AI does not respond to authority. It responds to articulation.

This is why the concept of human–AI–machine interdependency matters. Humans contribute judgement, intent, and contextual understanding. AI contributes interpretation and reasoning. Machines contribute execution and scale. None of these components functions optimally in isolation, and none can be reduced to a command hierarchy.

What is perhaps most striking is that none of this represents a radical new requirement. The importance of clear communication has always been understood. AI simply removes the buffer that previously absorbed poor articulation. It reflects back exactly what it is given, without assumption.

If AI systems appear disappointing, vague, or inconsistent, the issue is rarely the technology itself. More often, it is a failure to communicate meaningfully with an interpretive system.
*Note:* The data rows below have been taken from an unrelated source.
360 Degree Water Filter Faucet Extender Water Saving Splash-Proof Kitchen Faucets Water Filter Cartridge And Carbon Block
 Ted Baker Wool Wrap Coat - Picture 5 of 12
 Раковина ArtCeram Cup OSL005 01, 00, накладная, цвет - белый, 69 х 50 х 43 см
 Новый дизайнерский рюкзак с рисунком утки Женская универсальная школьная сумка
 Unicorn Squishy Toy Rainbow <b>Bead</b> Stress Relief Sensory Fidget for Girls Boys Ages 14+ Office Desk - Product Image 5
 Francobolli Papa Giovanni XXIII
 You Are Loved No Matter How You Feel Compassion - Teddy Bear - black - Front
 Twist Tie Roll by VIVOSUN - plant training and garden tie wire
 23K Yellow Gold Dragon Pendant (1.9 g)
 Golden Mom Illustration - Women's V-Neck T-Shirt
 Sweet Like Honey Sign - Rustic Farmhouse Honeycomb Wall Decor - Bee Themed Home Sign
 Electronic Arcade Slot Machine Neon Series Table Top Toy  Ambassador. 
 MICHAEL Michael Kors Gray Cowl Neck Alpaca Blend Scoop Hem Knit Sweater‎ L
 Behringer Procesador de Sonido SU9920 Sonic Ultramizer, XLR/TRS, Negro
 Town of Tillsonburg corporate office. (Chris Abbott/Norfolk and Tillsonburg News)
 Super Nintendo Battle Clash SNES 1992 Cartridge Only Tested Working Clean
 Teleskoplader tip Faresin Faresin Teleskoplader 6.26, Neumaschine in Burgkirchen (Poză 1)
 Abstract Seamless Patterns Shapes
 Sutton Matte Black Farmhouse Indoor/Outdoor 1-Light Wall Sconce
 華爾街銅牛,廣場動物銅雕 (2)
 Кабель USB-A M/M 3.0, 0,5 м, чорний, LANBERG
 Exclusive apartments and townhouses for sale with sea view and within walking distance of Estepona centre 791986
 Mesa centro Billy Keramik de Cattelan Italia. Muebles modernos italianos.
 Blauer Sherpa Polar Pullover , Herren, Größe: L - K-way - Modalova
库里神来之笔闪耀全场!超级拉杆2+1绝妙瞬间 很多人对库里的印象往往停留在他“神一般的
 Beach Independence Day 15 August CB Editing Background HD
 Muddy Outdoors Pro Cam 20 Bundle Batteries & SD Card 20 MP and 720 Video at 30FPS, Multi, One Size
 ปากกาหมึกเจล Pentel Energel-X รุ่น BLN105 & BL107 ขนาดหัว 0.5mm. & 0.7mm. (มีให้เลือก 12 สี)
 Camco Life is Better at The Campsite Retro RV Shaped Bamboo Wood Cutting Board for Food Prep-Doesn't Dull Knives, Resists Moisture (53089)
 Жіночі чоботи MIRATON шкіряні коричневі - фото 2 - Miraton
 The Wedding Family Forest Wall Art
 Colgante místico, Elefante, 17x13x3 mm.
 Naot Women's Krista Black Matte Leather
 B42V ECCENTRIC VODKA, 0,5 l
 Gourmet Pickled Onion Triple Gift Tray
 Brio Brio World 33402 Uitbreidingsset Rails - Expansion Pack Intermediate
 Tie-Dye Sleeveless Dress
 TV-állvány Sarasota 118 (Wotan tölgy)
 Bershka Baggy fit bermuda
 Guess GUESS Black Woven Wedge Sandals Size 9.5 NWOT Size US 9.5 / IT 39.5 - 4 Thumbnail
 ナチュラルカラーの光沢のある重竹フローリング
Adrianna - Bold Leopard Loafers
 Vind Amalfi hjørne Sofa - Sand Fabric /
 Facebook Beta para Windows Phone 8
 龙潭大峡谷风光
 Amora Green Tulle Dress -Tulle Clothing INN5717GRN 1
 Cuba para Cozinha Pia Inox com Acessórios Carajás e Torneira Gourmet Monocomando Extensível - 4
AI does not reward commands. It rewards clarity, context, and intent. And in doing so, it exposes something that was already there: the quality of our communication.

Ultimately, what AI is doing is collapsing the distance between intent and execution. For decades, that gap was bridged by programming languages, formal syntax, and rigid abstraction layers. Learning to “speak” Python, C++, or any other language was less about expressing intent and more about accommodating machine constraints. AI reverses that dynamic. It allows intent to be communicated directly, in human language, and interpreted rather than compiled. This does not make technical knowledge irrelevant, but it fundamentally changes where value lies. The skill that now matters most is not fluency in syntax, but fluency in communication.

As this transition accelerates, it becomes increasingly clear that the people who will extract the most value from AI are not necessarily the best coders, but the best managers, thinkers, and communicators. Those who can articulate goals, frame problems, and provide meaningful context will optimise AI systems far more effectively than those who rely on instruction alone. In that sense, AI is not replacing human capability; it is amplifying it, and in doing so, it is elevating communication from a soft skill to a central technical competence.